INSTRUCTIONS TO FOLLOW:
Exact reproduction of all the data is required, with pictures excluded.

* * * *

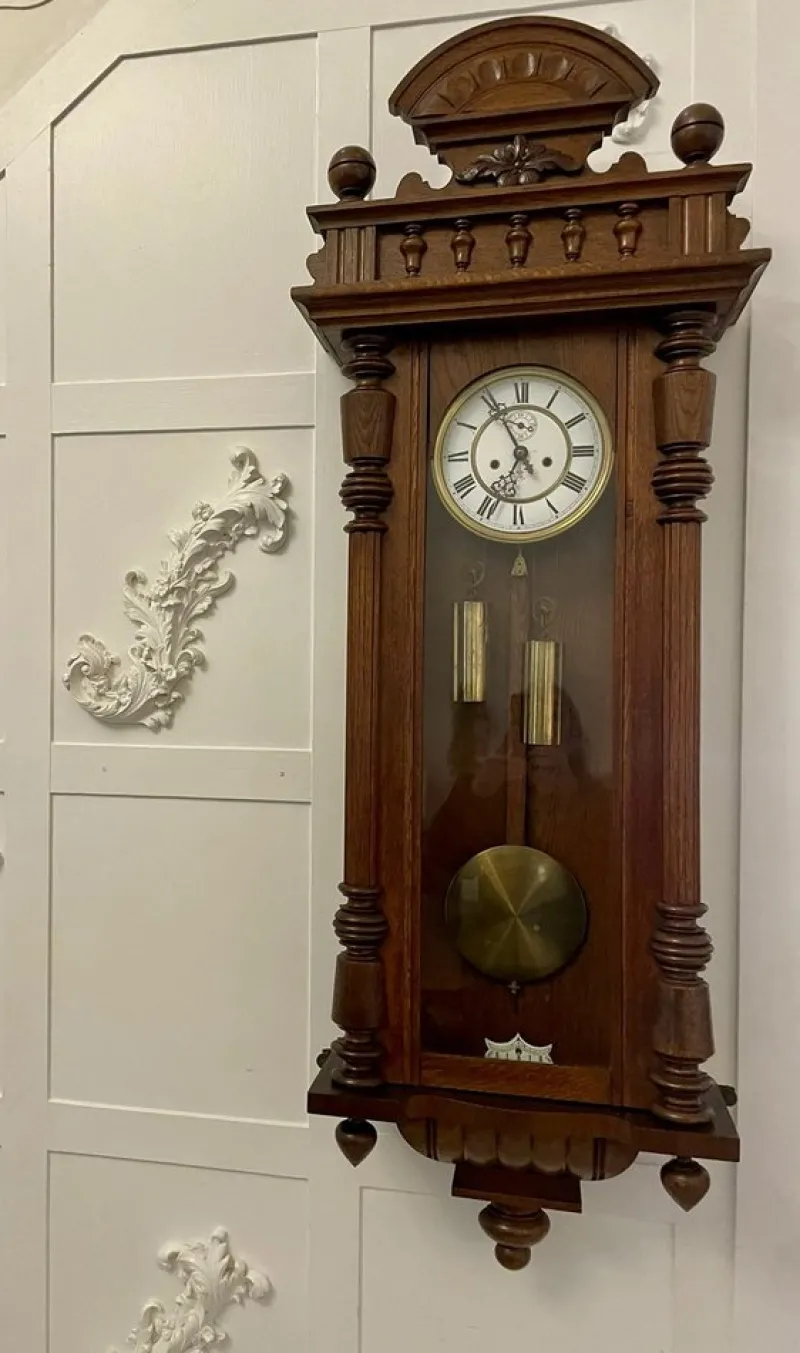 Best Pamono Antique Victorian Quality Carved Oak Vienna Wall Clock, 1860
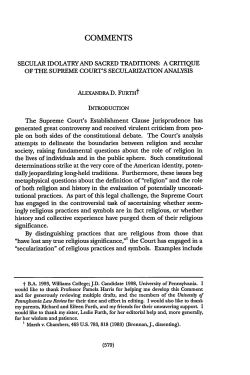 A Critique of the Supreme Court`s Secularization Analysis
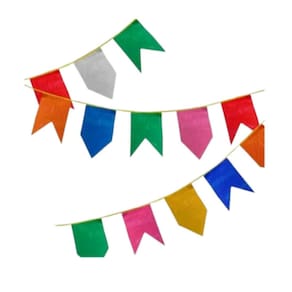 Kit Bandeirinha Junina De Seda 10pc 100 metros Enfeite Junino Bandeirola Decoraçao Arraial São João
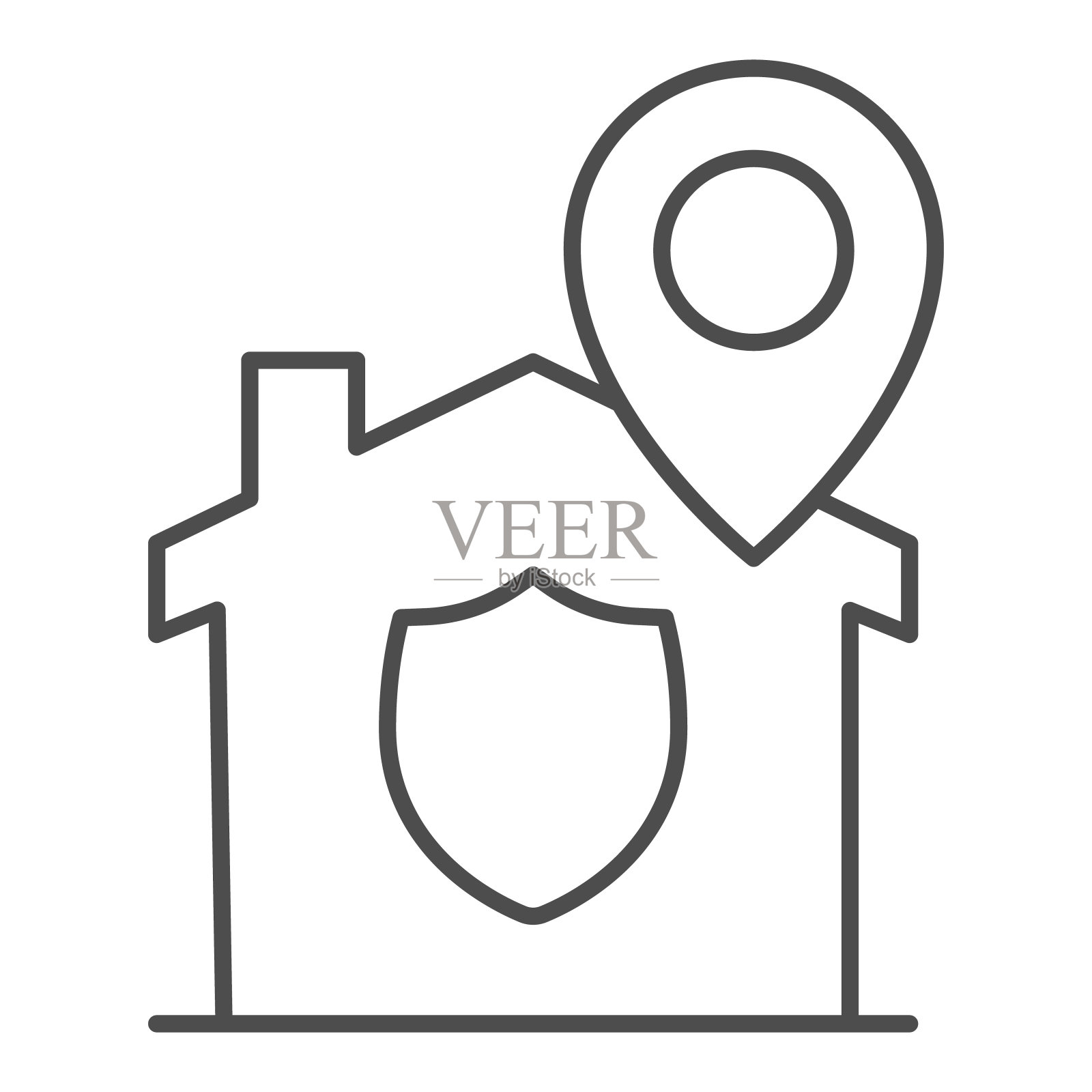 位置指针和建筑与保护标志细线图标，智能家居符号，安全和保护矢量标志在白色背景，地图大头针与房屋和盾牌图标轮廓。向量。插画图片素材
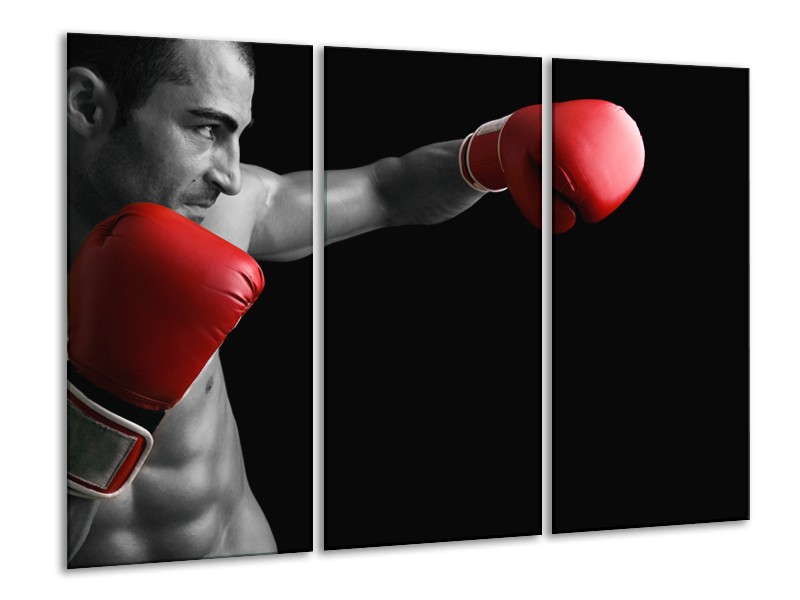 Canvas Schilderij Man, Sport | Zwart, Grijs, Rood | 120x80cm 3Luik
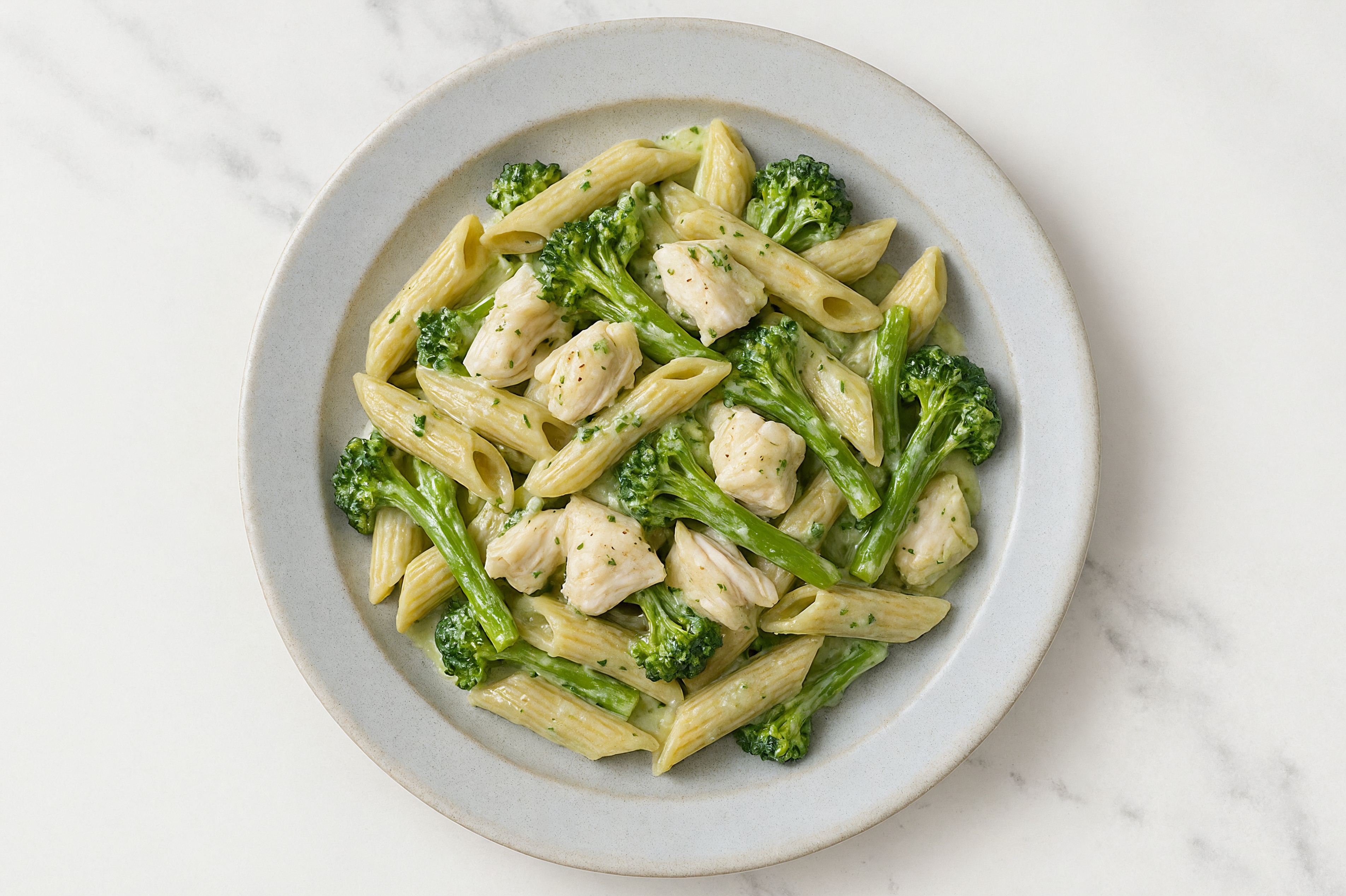 Chicken + Broccoli Sourdough Penne Rigate Herb Cream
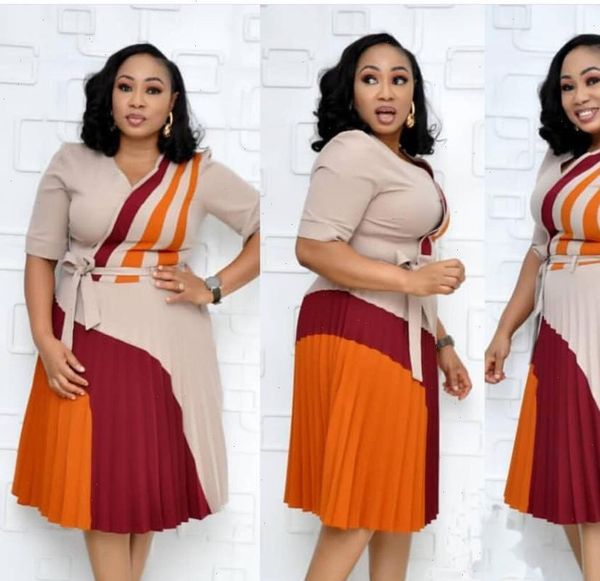 hgte 2021 office ol business africa womens dress v neck half sleeve a line dress plissee midi kleid vestidos, Black;gray
hgte 2021 office ol business africa womens dress v neck half sleeve a line dress plissee midi kleid vestidos, Black;gray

* * * *

YOUR RESPONSE:
 Best Pamono Antique Victorian Quality Carved Oak Vienna Wall Clock, 1860
 A Critique of the Supreme Court`s Secularization Analysis
 Kit Bandeirinha Junina De Seda 10pc 100 metros Enfeite Junino Bandeirola Decoraçao Arraial São João
 位置指针和建筑与保护标志细线图标，智能家居符号，安全和保护矢量标志在白色背景，地图大头针与房屋和盾牌图标轮廓。向量。插画图片素材
 Canvas Schilderij Man, Sport | Zwart, Grijs, Rood | 120x80cm 3Luik
 Chicken + Broccoli Sourdough Penne Rigate Herb Cream
 hgte 2021 office ol business africa womens dress v neck half sleeve a line dress plissee midi kleid vestidos, Black;gray
hgte 2021 office ol business africa womens dress v neck half sleeve a line dress plissee midi kleid vestidos, Black;gray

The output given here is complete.